Martin Wolf, chief economics commentator of the Financial Times: easily one of the greatest monetary cranks alive today, an establishment-approved snake oil seller of a quack economist who has never seen a printing press he didn’t like. If the Soviet Union still existed, we would strongly recommend that he move there and become chief economics commentator of the Pravda. The man is positively dangerous to the free market economy and liberty in general.
Photo credit: Regina Kuehne / KEYSTONE
Shares in too-big-to-fail bank Citigroup are down almost 28% so far this year. And shares in Europe’s biggest bank, Deutsche Bank, are down by more than 36%.
DB, weekly – this doesn’t look good. Deutsche Krank (krank = German for “ill”) is the biggest bank in Europe. If it were to fail, it would be the functional equivalent of the Creditanstalt insolvency in 1931 – click to enlarge.
As always, we don’t know where this leads. But as we warned at the start of the year, it could be the beginning of a serious bear market. And more! As Nobel Prize-winning economist Paul Samuelson put it, the stock market has famously predicted nine out of the last five recessions.
Further study shows that a stock market plunge of 10% has about a 50% probability of presaging a recession… 100% of the time! Hope that’s clear. But a stock market plunge not only predicts trouble in the economy; it also causes it.
The Fed’s treasured “wealth effect” – in which investors, seeing the value of their portfolios rise, feel richer and rush out and spend – works in both directions. When stock prices fall, investors pull back on spending, and the economy goes into a cold funk. The further stocks fall… the more the likelihood that the economy will follow. This has the central planners worried.
Pushing on a String
Here’s the chief economics commentator at the Financial Times, Martin Wolf:
“What might central banks do if the next recession hit while interest rates were still far below pre-2008 levels? As a paper from the London-based Resolution Foundation argues, this is highly likely. Central banks need to be prepared for this eventuality.”
“The most important part of such preparation is to convince the public that they know what to do.”
Good luck with that!
The one clear lesson of the last eight years is that central banks either do not know what they are doing… or they know and are intentionally not doing it. For the benefit of today’s Diary, we will give them the benefit of the doubt. We will assume they are incompetent rather than evil.
There is no shame in incompetence, especially when it comes to managing the world economy. We don’t believe any human could do it. So, Yellen et al. can hold their heads up. They have failed, but they were on a fool’s errand anyway.
Central bankers: evil or merely incompetent? Who knows – they are definitely criminally dangerous, that much is certain. In a sense, there is actually no such thing as “competence” in central economic planning, as it could not possibly work even if angels were doing it.

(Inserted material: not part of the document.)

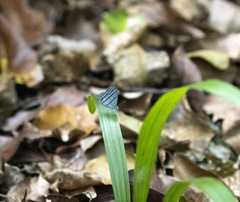 Cepheuptychia glaucina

A sharp-eyed reader sent us a quote from the Wall Street Journal. It shows that the mainstream financial press is coming around to our point of view:
“The failure of unconventional monetary policy in Japan and Europe is proof that central banks can’t conjure growth in economies that need major reforms to let resources find more productive uses. The old analogy of “pushing on a string” remains valid – if companies can’t find promising investments, credit creation will remain stalled no matter how cheap credit is.”
Then there is the comment from governor of the Reserve Bank of India, Raghuram Rajan:
“…stimulus doesn’t cut it anymore and, certainly, monetary policy has largely run its course.”
And from Sean Yokota, head of Asia strategy at Nordic bank SEB:
“Central bankers are running out of things to do.”
Hang On to Your Hat
Not according to Mr. Wolf!
He lays out the options, prefacing them with remark that letting a correction do its work is out of the question “given the damage it would do to the social fabric.” (He did not specify what damage a cleansing correction would do; in our view, the social fabric could use a good scrubbing, too.)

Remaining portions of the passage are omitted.